Priedigkeit explains that breast cancer has a distinct genomic landscape, relative to other epithelial malignancies, that is characterized by a high degree of large structural changes in its genome. These alterations can bring two genes that are normally far apart closer together producing a fusion RNA or protein that is only expressed in the cancer cells. These fusion RNAs may serve as highly specific tumor biomarkers, have unique functions which may drive cancer progression, and potentially offer more personalized, cancer-specific targets.

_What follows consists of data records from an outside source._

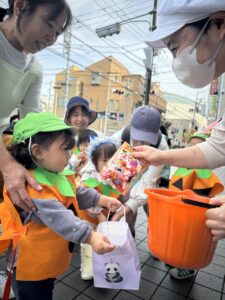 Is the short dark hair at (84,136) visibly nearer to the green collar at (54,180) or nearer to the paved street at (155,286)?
the paved street at (155,286)

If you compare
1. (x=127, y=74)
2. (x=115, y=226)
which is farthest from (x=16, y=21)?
(x=127, y=74)

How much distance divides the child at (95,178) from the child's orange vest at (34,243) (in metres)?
0.72

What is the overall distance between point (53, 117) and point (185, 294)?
1.85 m

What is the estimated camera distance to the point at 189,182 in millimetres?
2387

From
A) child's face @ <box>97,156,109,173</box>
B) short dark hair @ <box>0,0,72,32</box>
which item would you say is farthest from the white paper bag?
short dark hair @ <box>0,0,72,32</box>

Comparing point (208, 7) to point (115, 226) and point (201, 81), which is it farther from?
point (115, 226)

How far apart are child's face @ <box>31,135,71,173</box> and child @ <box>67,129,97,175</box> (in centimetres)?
141

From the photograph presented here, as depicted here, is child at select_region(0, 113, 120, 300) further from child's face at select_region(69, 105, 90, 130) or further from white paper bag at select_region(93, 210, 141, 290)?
child's face at select_region(69, 105, 90, 130)

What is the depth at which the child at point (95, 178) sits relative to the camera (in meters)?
Answer: 2.28

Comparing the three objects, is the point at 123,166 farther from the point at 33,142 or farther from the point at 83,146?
the point at 83,146

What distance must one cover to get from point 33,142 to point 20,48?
0.67 meters

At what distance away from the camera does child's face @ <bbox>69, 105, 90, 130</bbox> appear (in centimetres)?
331

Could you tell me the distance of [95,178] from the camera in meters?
2.39

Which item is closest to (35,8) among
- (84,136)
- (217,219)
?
(217,219) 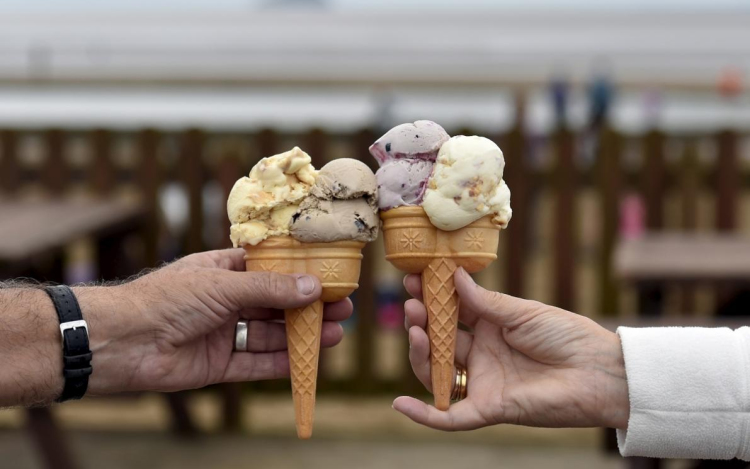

Targeted therapies that can inhibit fusion proteins have been “remarkably successful in other malignancies,” Priedigkeit notes. Imatinib, which targets the bcr-abl fusion in chronic myelogenous leukemia, was the first to be used, but more recently there have been practice-changing advances in solid tumors with effective therapies against ALK, ROS1, NTRK, and RET fusions.

Yet, the prevalence and role of fusion RNAs in breast cancer has not been as comprehensively assessed.

To address this, Priedigkeit and colleagues performed a retrospective study using RNA sequencing data 423 patients with metastatic breast cancer. They ran the sequencing data through five different fusion-finding algorithms; highly expressed fusions identified by two or more algorithms that were not present in normal tissues were considered high-confidence and cancer-specific (HCCS).

Priedigkeit reported at the 2023 San Antonio Breast Cancer Symposium that around one-third of metastatic breast cancers harbored at least one highly expressed HCCS fusion RNA, a much higher proportion than expected. He described this finding as “striking” and said that unlike traditional alterations that drive cancer progression, many of these fusion RNAs are likely unique to individual patients.

The investigators found fusions were most common among tumors of the basal subtype and least common among tumors of the luminal A subtype.

In addition, the analysis showed that 64.5% of patients harboring HCCS fusions had at least one fusion involving a cancer-related gene, as defined by the OncoKB database, suggesting that some of these fusions may be cancer driver mutations.

In support of this hypothesis, the most common cancer-related gene involved in fusions was ESR1, encoding the estrogen receptor. Priedigkeit noted that the analysis uncovered both known and novel ESR1 fusions, many of which occurred during or after endocrine therapy and resulted in the loss of binding sites for estrogen receptor inhibitors. The frequency of ESR1 fusions was approximately 5% in estrogen receptor-positive disease.

The researchers also identified HCCS fusions involving known cancer-driving kinases that would likely be missed by current testing standards, some of which have FDA-approved small molecule inhibitors that may provide new treatment strategies for patients with heavily pretreated disease and few remaining options.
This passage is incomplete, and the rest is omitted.